A week after Jack's fifth birthday, Ma learns that Old Nick has been unemployed for the past six months and is at risk of losing his home to foreclosure. Fearing that Old Nick will kill them both before freeing them, Ma comes up with a plan to convince Old Nick that Jack is deathly ill. Jack, initially unable to conceptualize being outside of Room or interacting with other people, eventually agrees. When Old Nick refuses to take Jack to a hospital, Ma wraps Jack in a rug and claims he has died. Old Nick falls for the ruse and takes Jack outside; Jack escapes and manages to reach a stranger, who contacts the police. In spite of his inability to communicate effectively, Jack describes the route to Room to an officer to free Ma.

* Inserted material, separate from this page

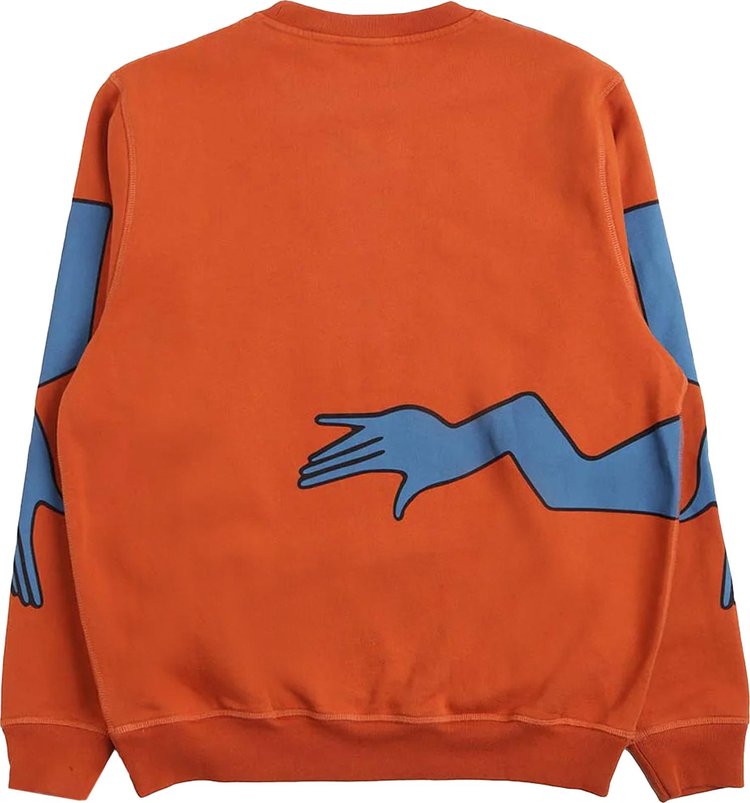 Parra Early Grab Crewneck Sweatshirt Sienna Orange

The two are taken to a mental hospital, where they receive medical evaluations and a temporary home. Old Nick is found and faces numerous charges of abduction, rape, and child endangerment. While in the hospital, Ma is reunited with her family, learning that her parents have divorced and her brother now has a family of his own. Ma begins to relearn how to interact with the larger world, while an overwhelmed Jack yearns to return to the safety of Room. Ma's father refuses to accept Jack as his grandson. Jack also learns that before he was born, Ma gave birth to a stillborn daughter.

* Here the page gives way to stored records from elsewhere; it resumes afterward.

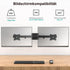 WALI Dual Monitor Wall Mount, Single to Double Bracket Adapter for 2 Screens up to 27 inch (012ARM)
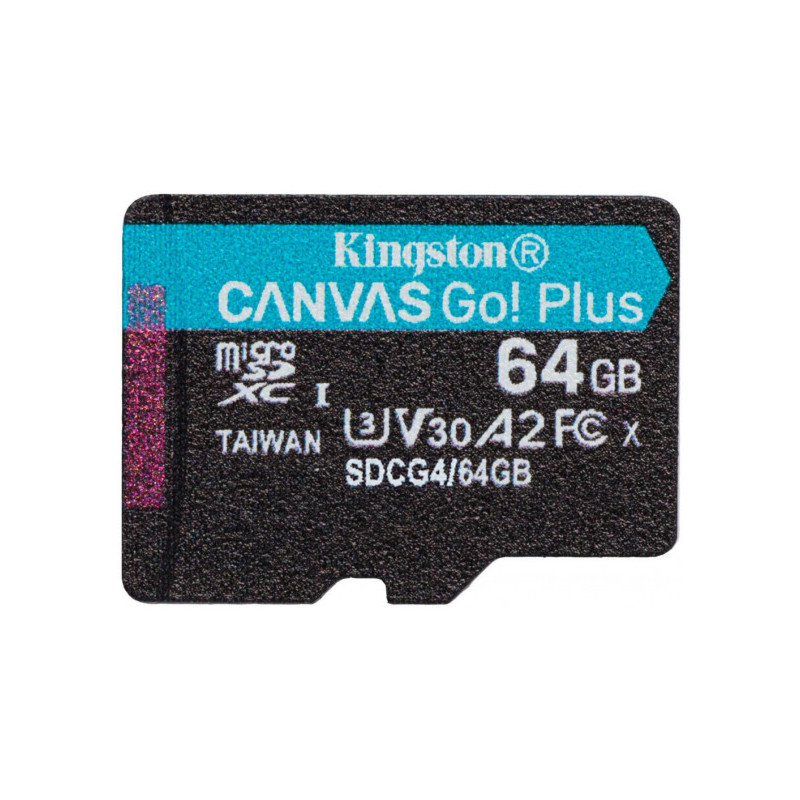 „Kingston Canvas Go! Plus“ 64 GB microSDXC SDCG4 / 64 GBSP atmintis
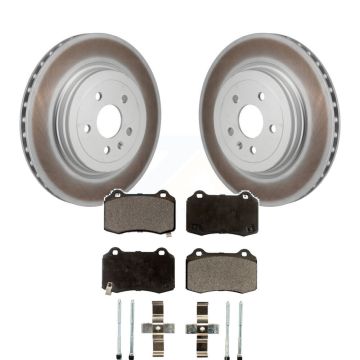 Rear Coated Disc Brake Rotors And Ceramic Pads Kit For Tesla S KGT-103575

Meanwhile, Jack and Ma's case attracts significant mass media attention, making it harder for them to start leading a normal life. After a television interview ends badly, Ma suffers a mental breakdown and attempts suicide. While Ma is in the hospital, Jack goes to live with his grandmother and her new partner. Jack becomes increasingly frustrated with his extended family, who, while kind and loving, often fail to consider how his limited experience impacts his behavior.

After Ma recovers, she and Jack move into independent living. Jack asks to visit Room one final time. Upon returning, Jack finds that he no longer feels any emotional attachment toward it, and says his goodbyes to Room before leaving.

==Awards and honours==

- New York Times bestseller (Fiction, 2010)
- Booker Prize, shortlist (2010)
- Rogers Writers' Trust Fiction Prize (2010)
- Indigo Books Heather's Pick (2010)
- New York Times Best Books of the Year (2010)
- New York Times Notable Book of the Year (Fiction & Poetry, 2010)
- Salon Book Award (Fiction, 2010)
- Governor General's Award shortlist (Fiction, 2010)
- Publishers Weekly Listen Up Award (Audio Book of the Year, 2010)
- Goodreads Choice Awards, Best Fiction (2010)
- Alex Award (2011)
- ALA Notable Book (2011)
- Hughes & Hughes Irish Novel of the Year, Irish Book Awards (2010)
- Commonwealth Writers' Prize (Canada and the Caribbean, 2011)
- Indies Choice Book Award (Adult Fiction, 2011)
- Orange Prize, shortlist (2011)
- WH Smith Paperback of the Year, Galaxy National Book Awards (2011)
- International Dublin Literary Award nomination (2012)

==Adaptations==

A film adaptation, directed by Lenny Abrahamson and written by Donoghue, was made in 2015. The film stars Brie Larson, Joan Allen, William H. Macy, Sean Bridgers, and Jacob Tremblay. It was shown in the Special Presentations section of the 2015 Toronto International Film Festival, after premiering at the Telluride Film Festival. The film began a limited release on October 16, 2015, and was released nationwide on November 6, 2015, by A24 Films. The film received widespread critical acclaim and won numerous awards. It received four nominations at the 88th Academy Awards including Best Picture, Best Director, Best Adapted Screenplay and winning Best Actress for Larson. Donoghue herself received honours for her adaptation of her novel, including Best Adapted Screenplay at the 4th Canadian Screen Awards and Best Scriptwriter at the 13th Irish Film & Television Awards.

Donoghue also wrote a stage adaptation. The play with music premiered 10 May 2017 at the Theatre Royal Stratford East to largely positive reviews.